## About this exercise
Without changing a word, repeat the data, and include no pictures.

**** Supplied material

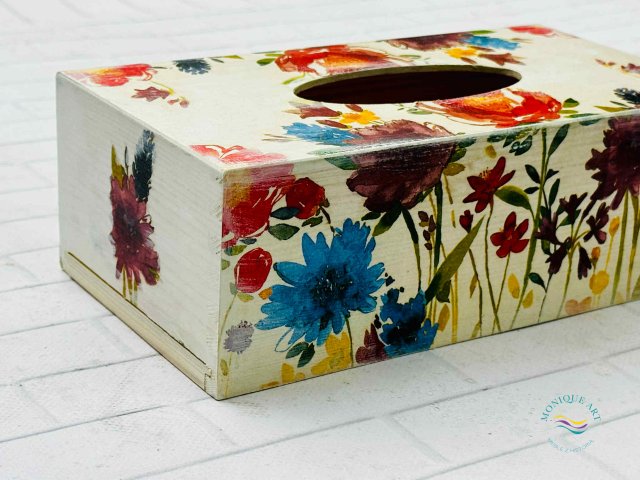 Pudełko na chusteczki, kwiaty, w sielskim klimacie, prezent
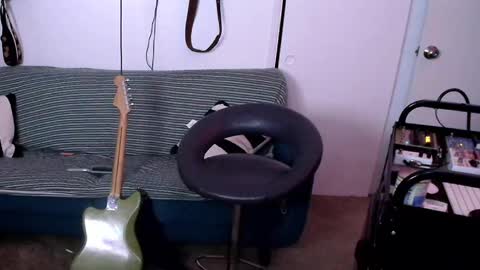 Flannel Dong online show from 03.06.26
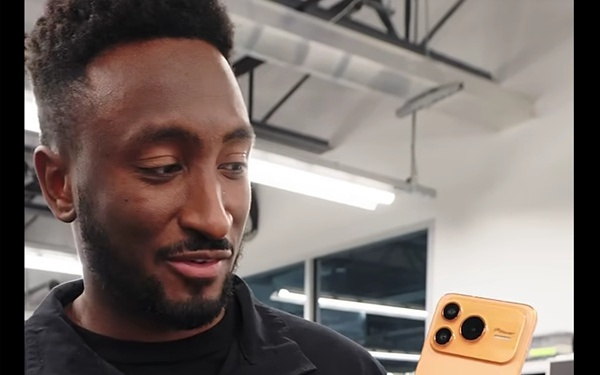 老外看不下去了！吐槽国产手机抄袭iPhone：为了像苹果 3个摄像头里有1个是假的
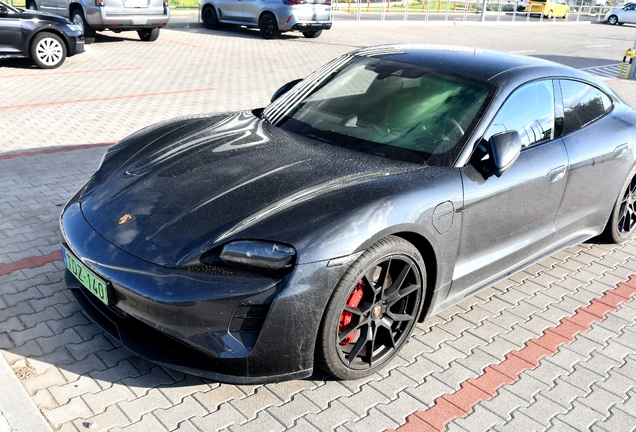 Porsche Taycan GTS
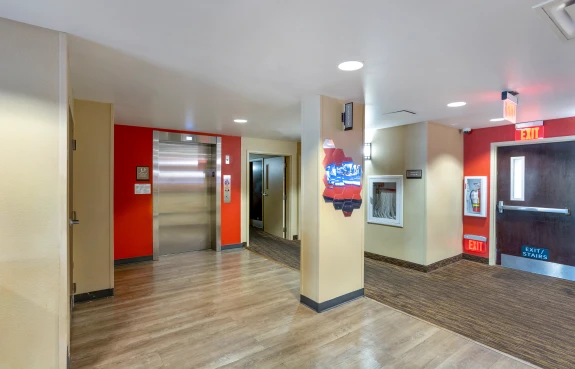 Lobby and Guest Check-in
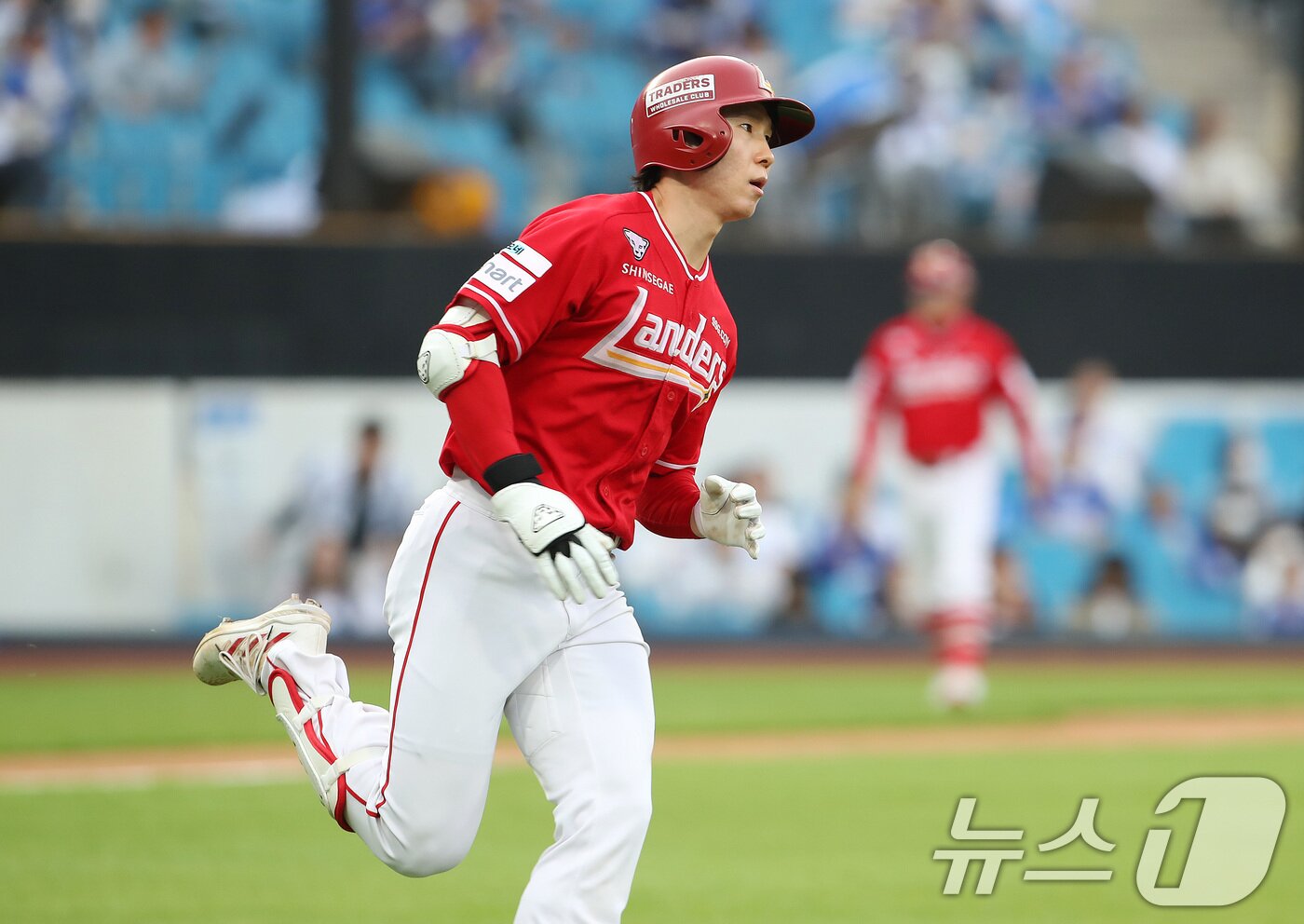 본문 이미지 - 21일 오후 대구 삼성라이온즈파크에서 열린 프로야구 '2026 신한 SOL KBO리그' SSG 랜더스와 삼성 라이온즈의 경기, 1회초 SSG 선두타자 박성한이 삼성 선발 최원태의 초구를 때린 뒤 1루를 향해 달리고 있다. 2026.4.21 ⓒ 뉴스1 공정식 기자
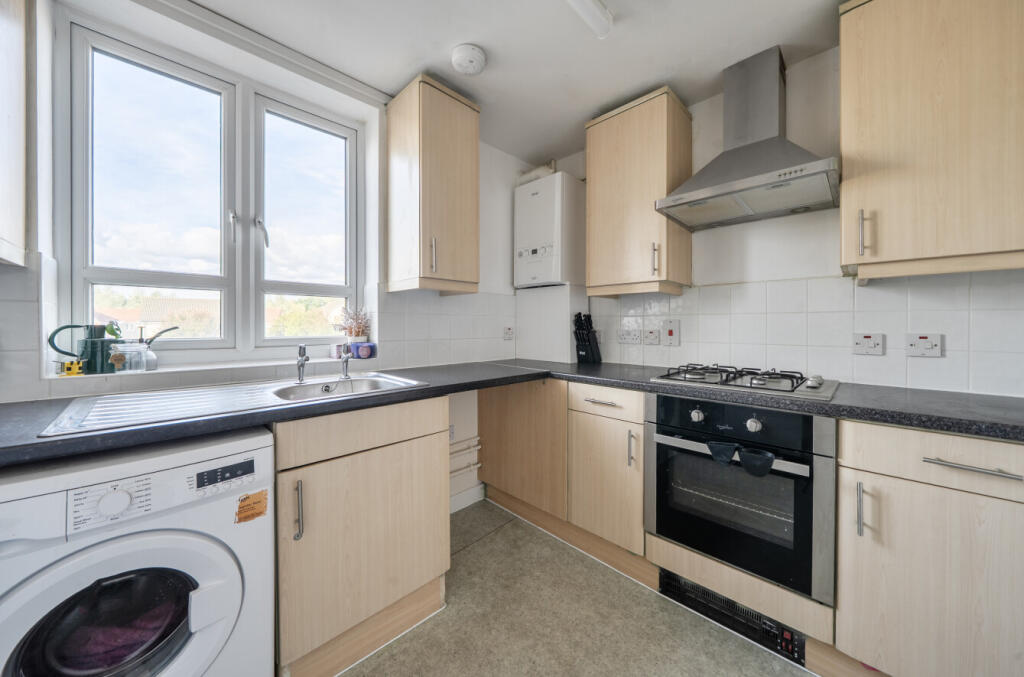 Apartment in Huntingdonshire, Loves Farm, St Neots - View 3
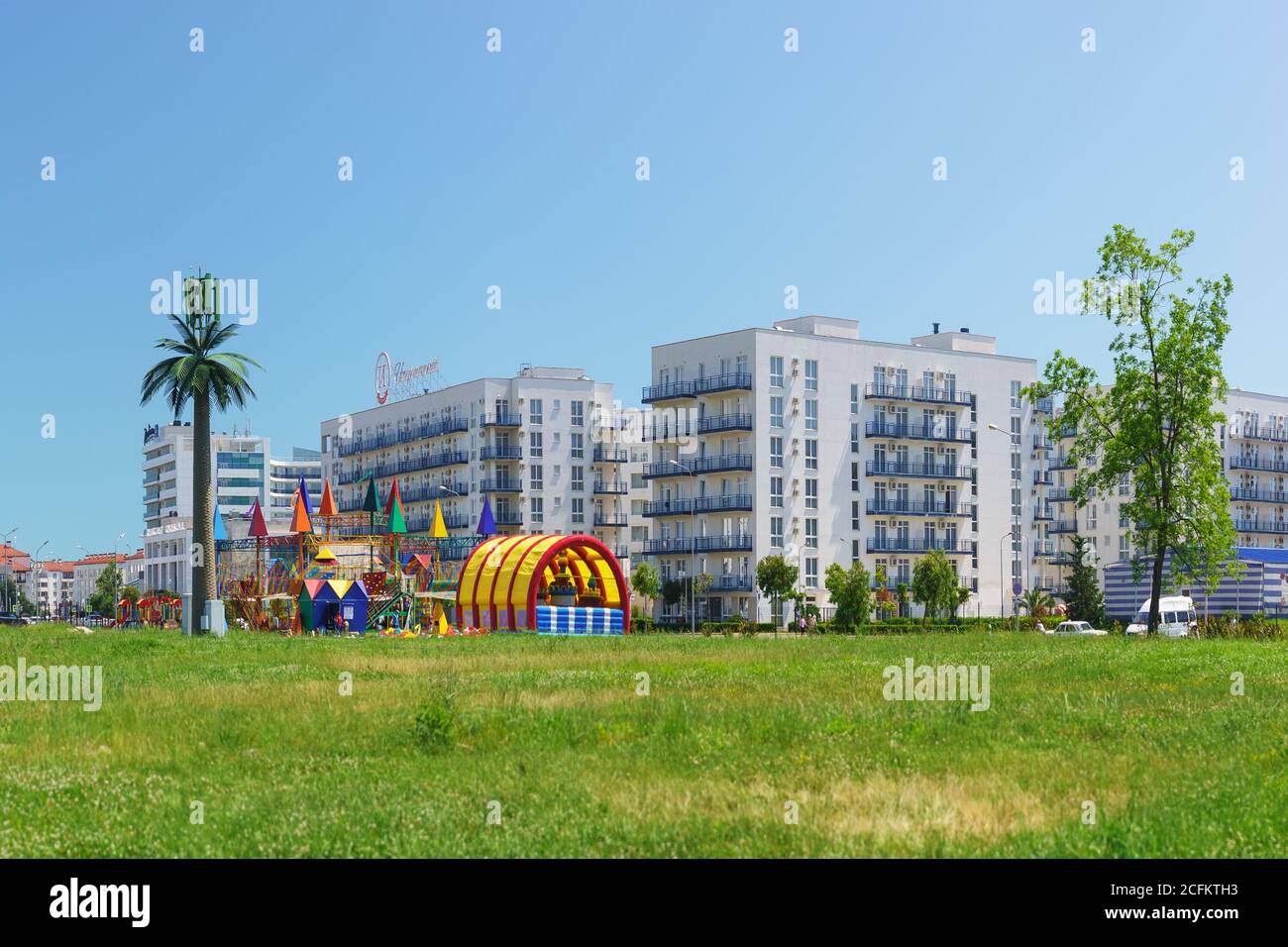 Russia, Sochi, Krasnodar regione-Giugno 07.2017: Parco giochi per bambini vicino imeretinskiy hotel. L'antenna della comunicazione cellulare è decorata sotto Foto Stock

********

## Answer for this exercise
 Pudełko na chusteczki, kwiaty, w sielskim klimacie, prezent
 Flannel Dong online show from 03.06.26
 老外看不下去了！吐槽国产手机抄袭iPhone：为了像苹果 3个摄像头里有1个是假的
 Porsche Taycan GTS
 Lobby and Guest Check-in
 본문 이미지 - 21일 오후 대구 삼성라이온즈파크에서 열린 프로야구 '2026 신한 SOL KBO리그' SSG 랜더스와 삼성 라이온즈의 경기, 1회초 SSG 선두타자 박성한이 삼성 선발 최원태의 초구를 때린 뒤 1루를 향해 달리고 있다. 2026.4.21 ⓒ 뉴스1 공정식 기자
 Apartment in Huntingdonshire, Loves Farm, St Neots - View 3
 Russia, Sochi, Krasnodar regione-Giugno 07.2017: Parco giochi per bambini vicino imeretinskiy hotel. L'antenna della comunicazione cellulare è decorata sotto Foto Stock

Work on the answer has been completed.